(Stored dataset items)

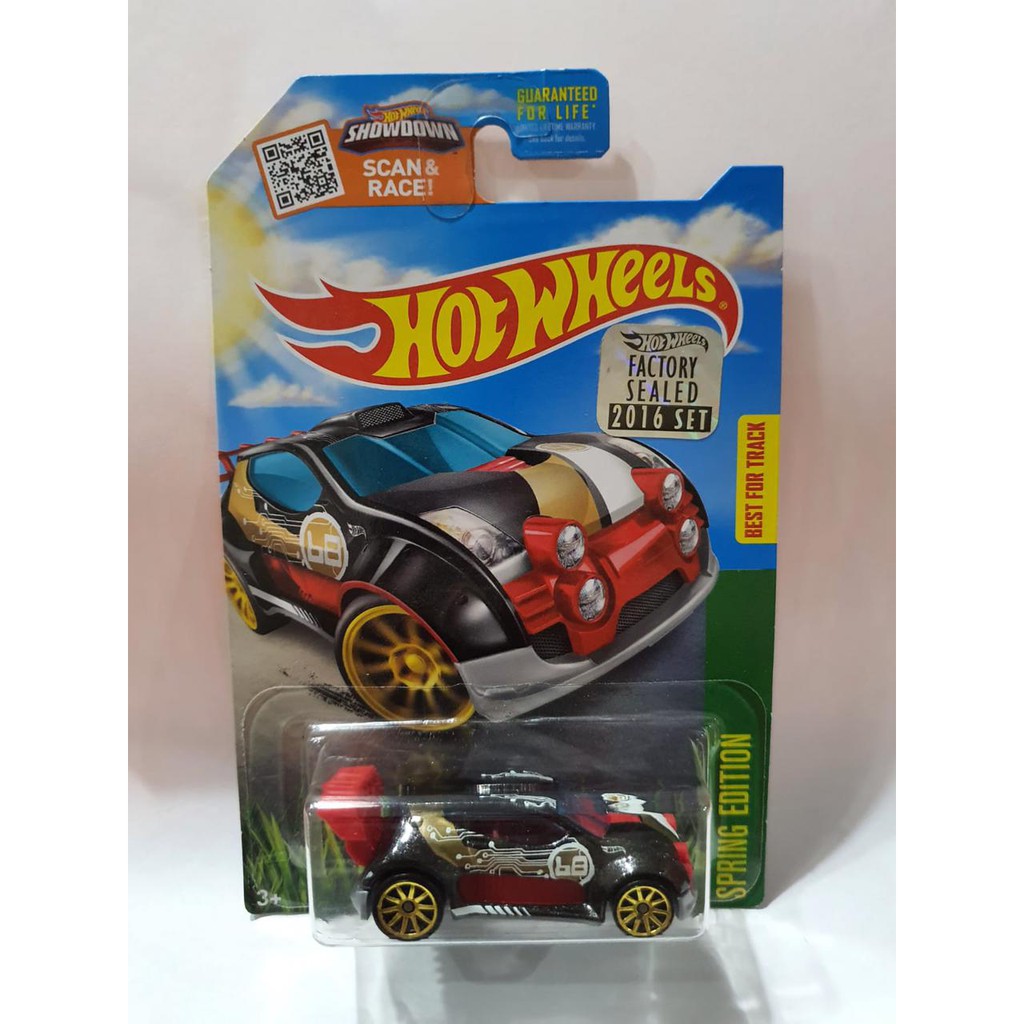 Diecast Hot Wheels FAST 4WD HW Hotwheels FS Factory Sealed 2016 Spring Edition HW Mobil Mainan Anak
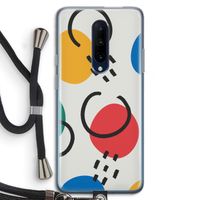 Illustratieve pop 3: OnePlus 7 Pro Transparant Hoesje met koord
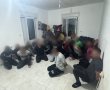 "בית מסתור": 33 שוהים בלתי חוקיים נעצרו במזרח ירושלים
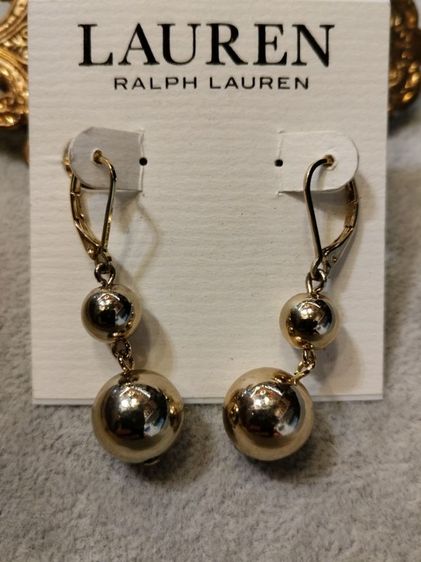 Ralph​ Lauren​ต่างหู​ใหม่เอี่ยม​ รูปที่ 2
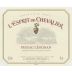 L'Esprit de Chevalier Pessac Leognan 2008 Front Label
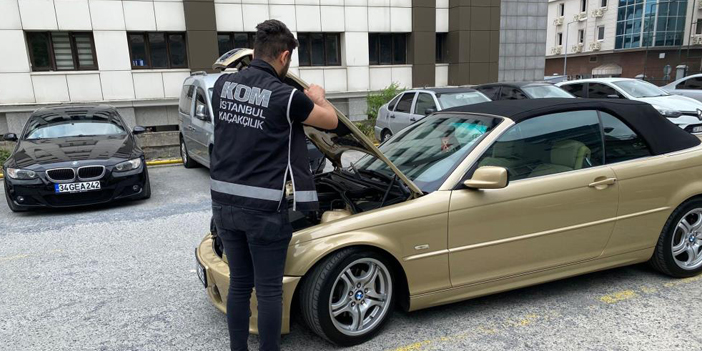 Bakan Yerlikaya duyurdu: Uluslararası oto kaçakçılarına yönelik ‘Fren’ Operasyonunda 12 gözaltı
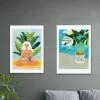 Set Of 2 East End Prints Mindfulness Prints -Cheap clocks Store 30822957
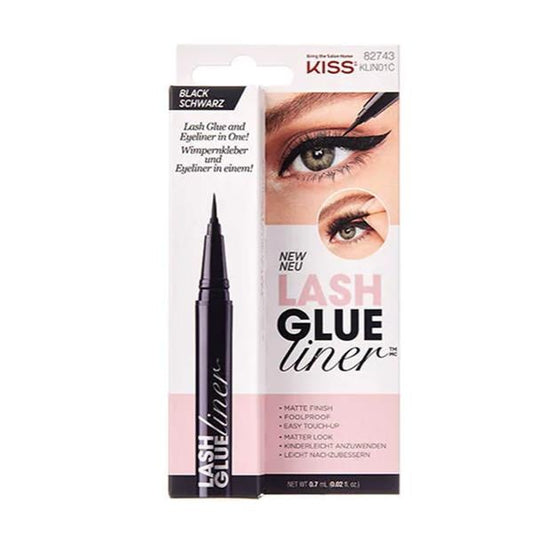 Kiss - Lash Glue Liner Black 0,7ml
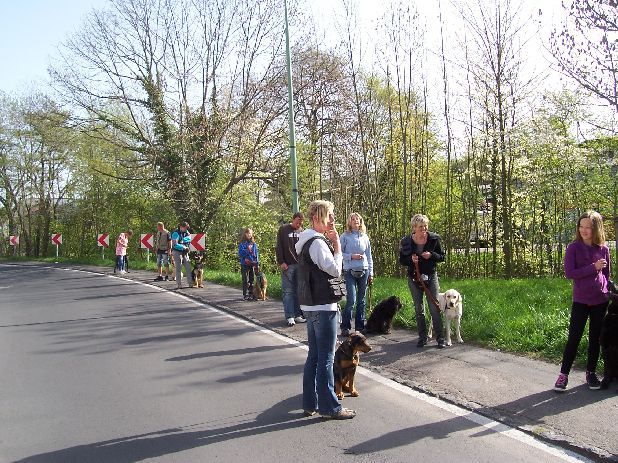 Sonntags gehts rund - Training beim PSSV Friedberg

Task directions: Only the lines from the one containing "Ralph​ Lauren​ต่างหู​ใหม่เอี่ยม​ รูปที่ 2" through the end of the records should be copied, exactly and with both ends included; the pictures should not.

Response box:
 Ralph​ Lauren​ต่างหู​ใหม่เอี่ยม​ รูปที่ 2
 L'Esprit de Chevalier Pessac Leognan 2008 Front Label
 Bakan Yerlikaya duyurdu: Uluslararası oto kaçakçılarına yönelik ‘Fren’ Operasyonunda 12 gözaltı
 Set Of 2 East End Prints Mindfulness Prints -Cheap clocks Store 30822957
 Kiss - Lash Glue Liner Black 0,7ml
 Sonntags gehts rund - Training beim PSSV Friedberg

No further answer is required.